稲わらから高濃度セシウム 南相馬の汚染牛のえさ
2011年07月11日15時1分
- 問題となった牛を出荷した畜産農家。牛がえさを食べていた =11日午前、福島県南相馬市、林敏行撮影
- 放射性セシウムが検出された牛を出荷した畜産農家でえさや水の管理状況などを調べる福島県職員ら=10日、福島県南相馬市、田村隆撮影
福島県南相馬市の畜産農家が出荷した牛11頭から基準を超す放射性セシウムが検出された問題で、同県がこの農家から提出を受けたえさなどを検査した結果、稲わらから高濃度の放射性セシウムが検出されたことが、関係者への取材でわかった。農家は県の聞き取りに、東京電力福島第一原発が爆発した際に屋外に置いていたわらを牛に与えていた、と説明したという。

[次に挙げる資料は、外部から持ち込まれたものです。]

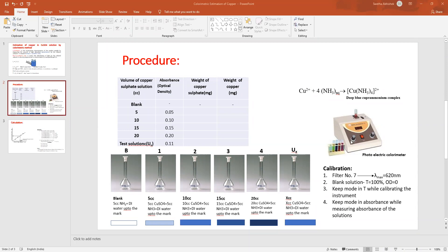Once the instrument is calibrated, switch the mode to absorbance. Place solutions 1 through 4 and the unknown one by one in the colorimeter and measure the corresponding absorbance. For blank there is no absorbance. Approximately: for 5 cc it is 0.05, for 10 cc it is 0.10, for 15 cc it is 0.15, for 20 cc it is 0.20, and for the unknown it may be around 0.11 for example.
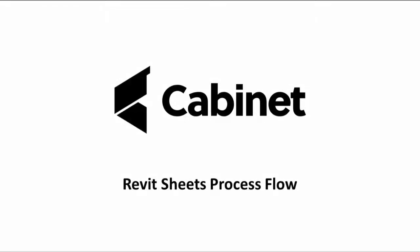In this video we will see how OpenTree's Cabinet integrates seamlessly with Autodesk's popular BIM application, Revit. More specifically, we'll focus on how Cabinet manages sheets, how it can assign, create and export them, along with how we can send those sheets through the BS1192 workflow.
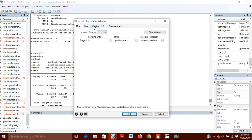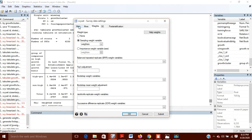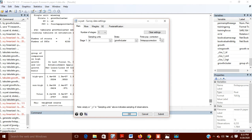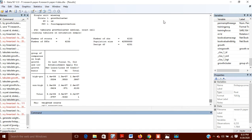Whenever you declare your data to be survey data, you should have weights — not necessarily, but if you are having weights then you will have to define them. Along with weights, you can also define the finite population correction (FPC). Before declaring your data as survey data, you should have these two things ready: the weights and the finite population correction.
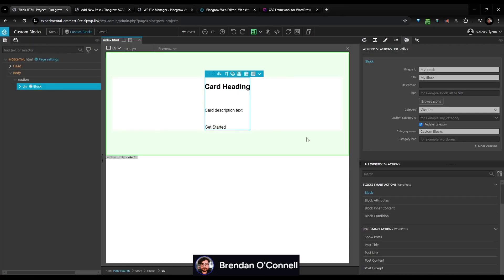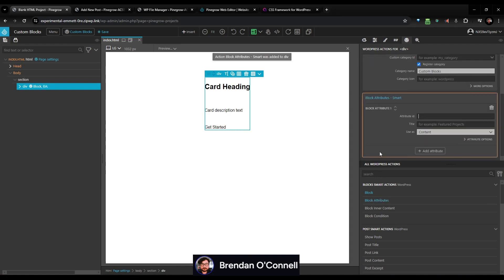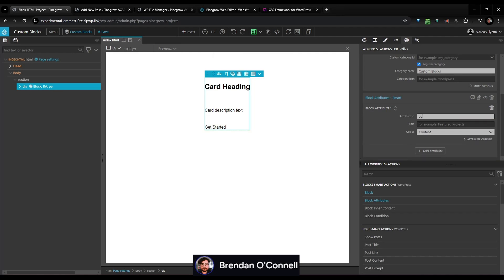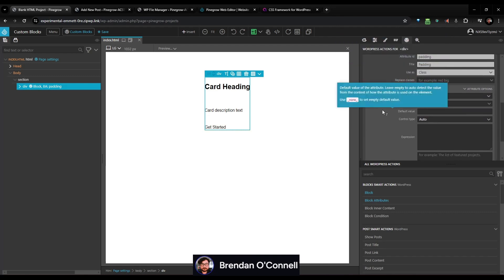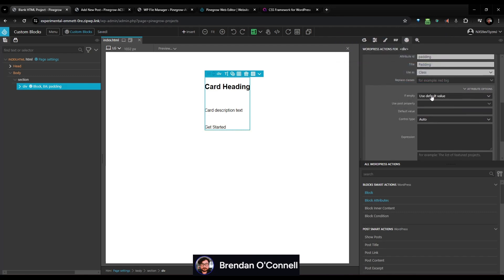Now that we have ACSS added, we can come to our custom block. On the block level at the top, I can just add block attributes. I can call this 'padding' — it's got to be lowercase. For the use case, instead of using it as a content field, we're going to use it as a class, so we want a little class area to add attributes to. Here are the attribute options — we'll ignore empty or post property and default value. The control type is what kind of controls we want to give our end user.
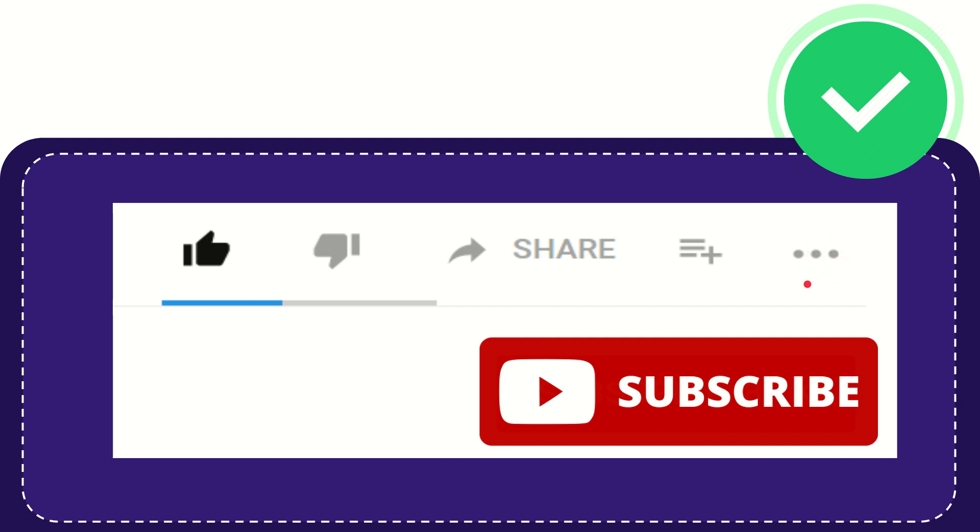And yeah, don't forget to subscribe. I think that's all. Thank you so much for watching this video and see you again in another video. Bye-bye, see you again.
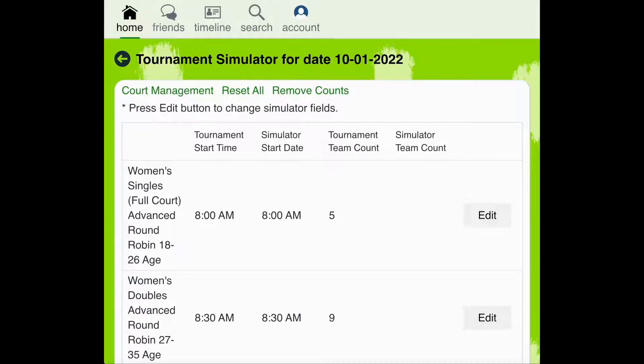It lists the same time as the simulator start time. The simulator also shows the number of teams who have registered for each bracket so far.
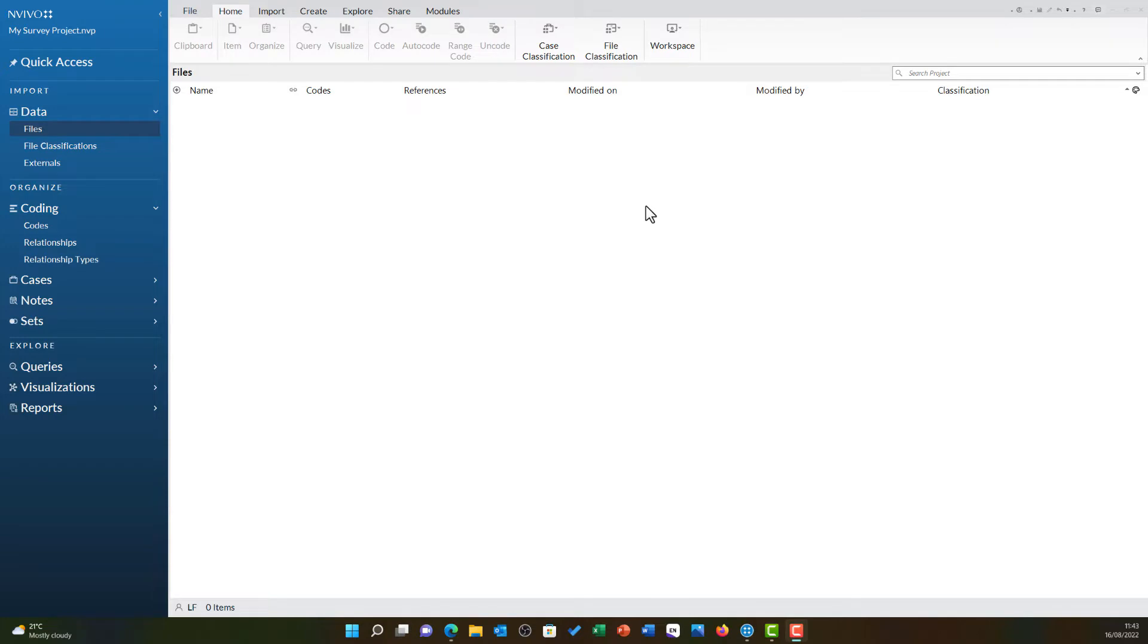This video will show you how to import a survey into NVivo. It is first important that you set your data up correctly, and if you need help doing this, the previous video shows you how to do this.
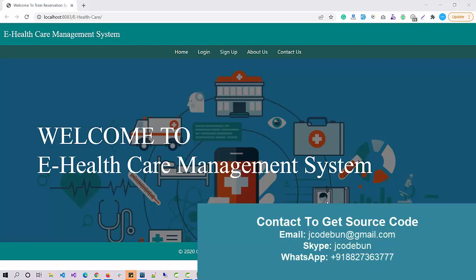Hello everyone, welcome again. Today I'm going to show you a demo of the E-Healthcare Management System project. This demo is based on the configuration done from our side, so you can follow the steps to operate the application and perform different operations by different user roles.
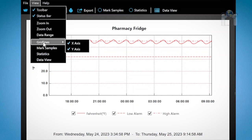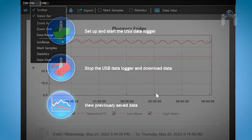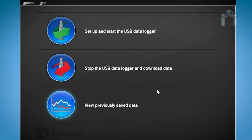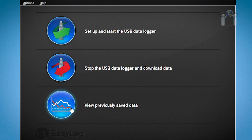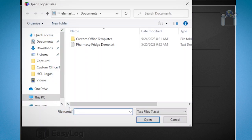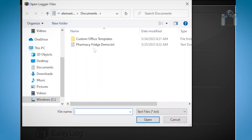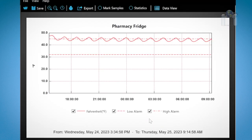You can review downloaded data anytime you wish by clicking on view previously saved data from the main menu. After you click on the button simply browse to where you saved your data and select the file you wish to view.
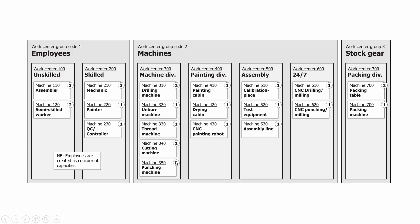And we can define the machine center or the work center on the routing line. Be aware if you want to work with employees as machine centers or work centers, you'll have to set them up as concurrent capacities to manage it in the system. Let's go back in Business Central to see how they look.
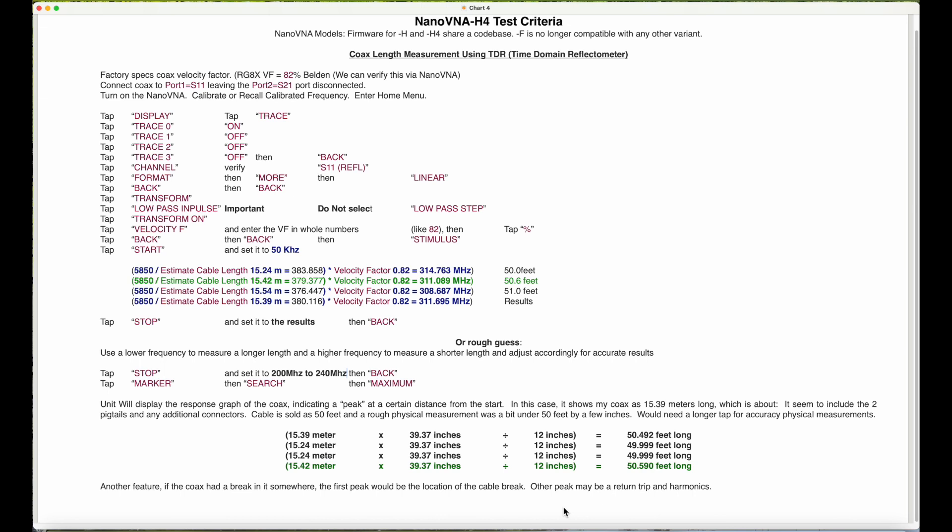I hope this helps and clarifies a few areas of possible mistakes that one could make and give you some wrong readings. And it appears that if you're using a pigtail and using a connector, you need to add that to your overall cable length or expect those measurements.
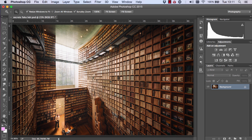Hi guys, Jimmy McIntyre here and welcome to another episode of Photoshop Secrets. Today I'm going to show you a very quick technique that I call Fake HDR. Now it isn't real HDR because we're not using multiple exposures, so we can't fully restore highlights and shadows, but it can soften highlights and shadows in a very nice way. And it's going to be using something called Apply Image.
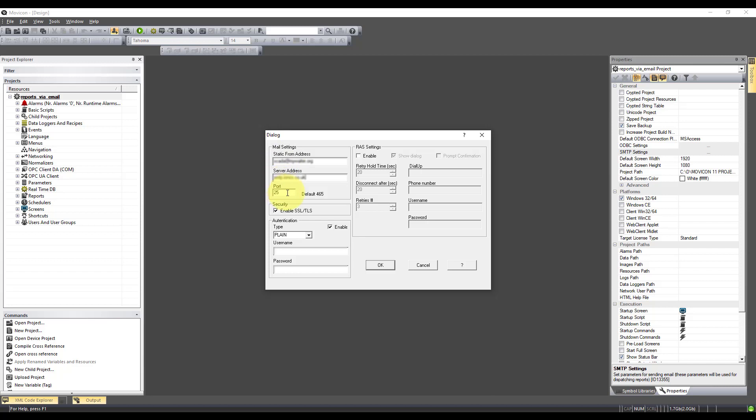And be careful to make sure the port is set correctly. In this instance it's 587. Now I'm going to have to use authentication.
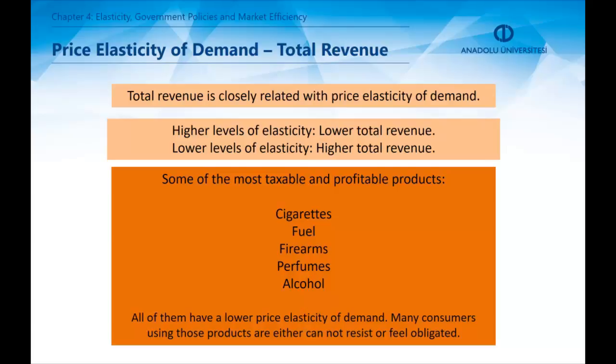On the whole world, some of the most taxable and profitable products include cigarettes, alcohol, perfumes, and even firearms. These goods are either considered to be necessities or are addictive goods. A tax increase, meaning a higher price, does not cause a sharp fall in the consumption of those.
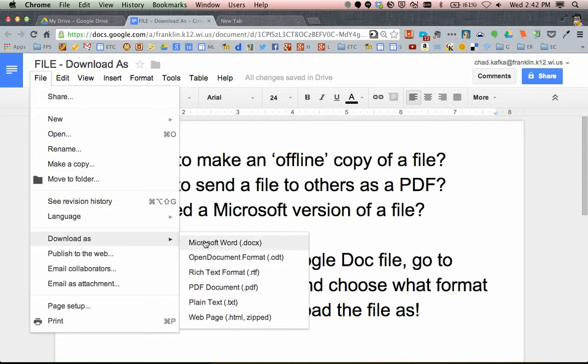I happen to be working in a document, this gives me a choice of Microsoft Word, or I could download this document as a PDF file.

県と農林水産省は、原発事故で汚染されたわらで内部被曝(ひばく)した可能性が高いと判断。農家は出荷時の県側の聞き取りには正しく申告していなかったとみられ、点検のあり方について改善できないか検討を進める。県と農水省は10日、農家を実地調査。えさの配合飼料と牧草、わら、井戸水を検査用のサンプルとして採取した。検査の結果、わらからかなり高濃度の放射性セシウムが検出された。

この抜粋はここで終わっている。